Step 4: Feature Engineering

Use the code below to run TensorFlow Transform on some example data using the schema from your pipeline. Start by importing and opening the metadata store.


In [ ]:
from __future__ import print_function

import os
import tempfile
import pandas as pd

import tensorflow as tf
import tensorflow_transform as tft
from tensorflow_transform import beam as tft_beam
import tfx_utils
from tfx.utils import io_utils
from tensorflow_metadata.proto.v0 import schema_pb2

# For DatasetMetadata boilerplate
from tensorflow_transform.tf_metadata import dataset_metadata
from tensorflow_transform.tf_metadata import dataset_schema
from tensorflow_transform.tf_metadata import schema_utils
tf.get_logger().propagate = False

def _make_default_sqlite_uri(pipeline_name):
    return os.path.join(os.environ['HOME'], 'airflow/tfx/metadata', pipeline_name, 'metadata.db')

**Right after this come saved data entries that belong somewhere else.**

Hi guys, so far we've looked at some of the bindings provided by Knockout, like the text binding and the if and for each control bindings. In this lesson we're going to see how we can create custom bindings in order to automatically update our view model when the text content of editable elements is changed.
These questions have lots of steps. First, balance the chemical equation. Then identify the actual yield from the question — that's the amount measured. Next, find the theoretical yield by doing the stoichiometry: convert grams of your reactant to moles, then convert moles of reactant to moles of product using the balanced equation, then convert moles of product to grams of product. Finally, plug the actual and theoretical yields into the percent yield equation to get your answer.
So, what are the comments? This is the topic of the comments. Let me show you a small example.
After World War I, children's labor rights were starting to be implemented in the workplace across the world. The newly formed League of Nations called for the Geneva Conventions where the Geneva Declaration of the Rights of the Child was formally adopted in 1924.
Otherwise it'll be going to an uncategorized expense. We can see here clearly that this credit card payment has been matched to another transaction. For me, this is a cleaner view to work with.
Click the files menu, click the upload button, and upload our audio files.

def get_metadata_store(pipeline_name):
    return tfx_utils.TFXReadonlyMetadataStore.from_sqlite_db(_make_default_sqlite_uri(pipeline_name))

pipeline_name = 'taxi'

pipeline_db_path = _make_default_sqlite_uri(pipeline_name)
print('Pipeline DB:\n{}'.format(pipeline_db_path))

store = get_metadata_store(pipeline_name)

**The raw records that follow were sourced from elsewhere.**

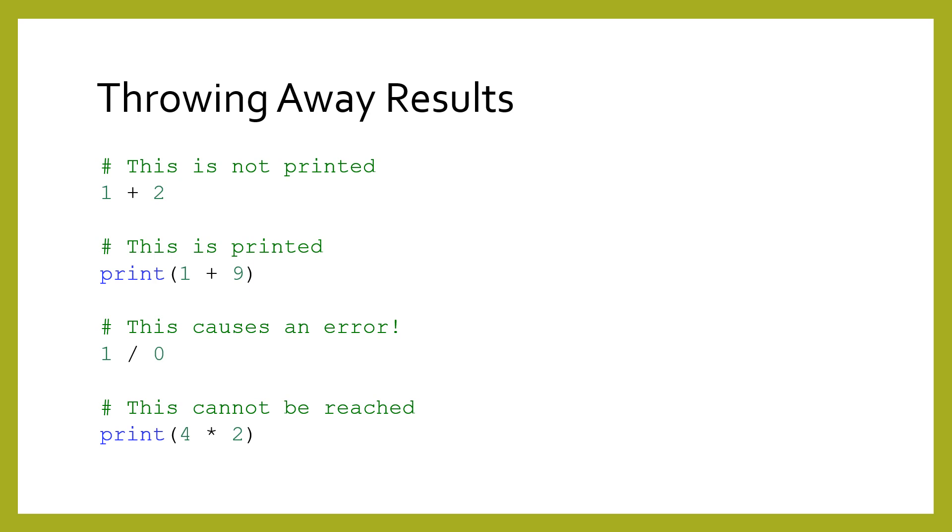Python will evaluate every expression from the top of the program down to the bottom. Even if an expression is not printed, the result will be calculated. The first 1 plus 2 expression is evaluated and results in 3. But since that 3 is not printed or used in any way, the result is ignored and left behind. However, the 1 plus 9 expression evaluates to 10, which is then printed on the console.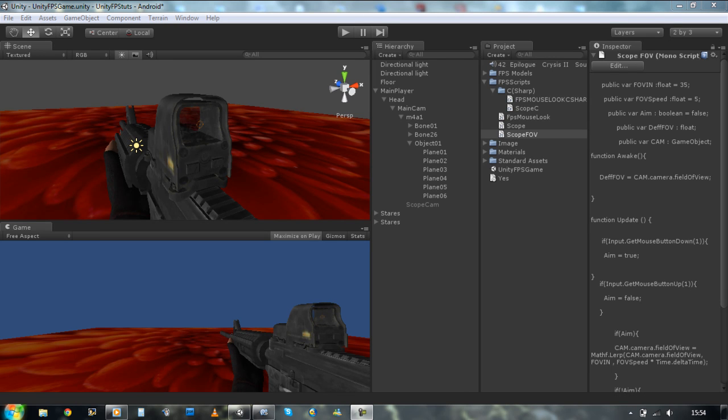Hi guys, welcome back. We just finished creating the scope using C-sharp and now I'm going to be teaching you how to make the scope using field of view in C-sharp. Sit back and relax.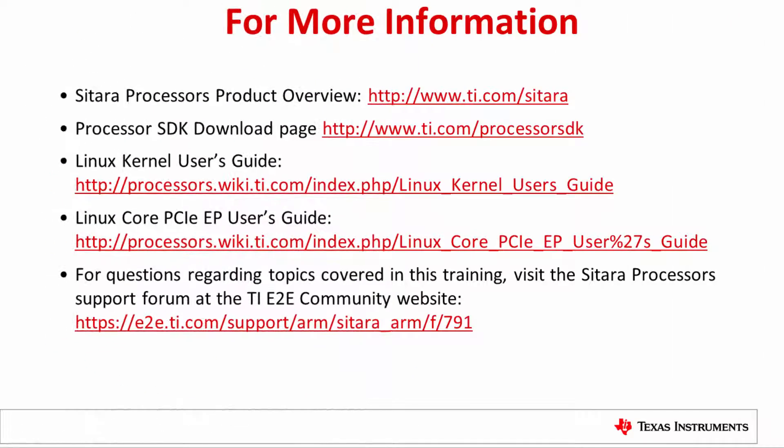Thank you for taking the time to watch these demonstrations. Additional information is provided here for references. If you have any questions, please post them on the Texas Instruments E2E forum at e2e.ti.com.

Get the schema URI from the metadata store


In [ ]:
# Get the schema URI from the metadata store
schemas = store.get_artifacts_of_type_df(tfx_utils.TFXArtifactTypes.SCHEMA)
assert len(schemas.URI) == 1
schema_uri = schemas.URI.iloc[0] + 'schema.pbtxt'
print ('Schema URI:\n{}'.format(schema_uri))

Get the schema that was inferred by TensorFlow Data Validation


In [ ]:
schema_proto = io_utils.parse_pbtxt_file(file_name=schema_uri, message=schema_pb2.Schema())
feature_spec, domains = schema_utils.schema_as_feature_spec(schema_proto)
legacy_metadata = dataset_metadata.DatasetMetadata(dataset_schema.from_feature_spec(feature_spec, domains))

Define features and create functions for TensorFlow Transform


In [ ]:
# Categorical features are assumed to each have a maximum value in the dataset.
MAX_CATEGORICAL_FEATURE_VALUES = [24, 31, 12]

CATEGORICAL_FEATURE_KEYS = [
    'trip_start_hour', 'trip_start_day', 'trip_start_month',
    'pickup_census_tract', 'dropoff_census_tract', 'pickup_community_area',
    'dropoff_community_area'
]

DENSE_FLOAT_FEATURE_KEYS = ['trip_miles', 'fare', 'trip_seconds']

# Number of buckets used by tf.transform for encoding each feature.
FEATURE_BUCKET_COUNT = 10

BUCKET_FEATURE_KEYS = [
    'pickup_latitude', 'pickup_longitude', 'dropoff_latitude',
    'dropoff_longitude'
]

# Number of vocabulary terms used for encoding VOCAB_FEATURES by tf.transform
VOCAB_SIZE = 1000

# Count of out-of-vocab buckets in which unrecognized VOCAB_FEATURES are hashed.
OOV_SIZE = 10

VOCAB_FEATURE_KEYS = [
    'payment_type',
    'company',
]

# Keys
LABEL_KEY = 'tips'
FARE_KEY = 'fare'

def transformed_name(key):
  return key + '_xf'

def _transformed_names(keys):
  return [transformed_name(key) for key in keys]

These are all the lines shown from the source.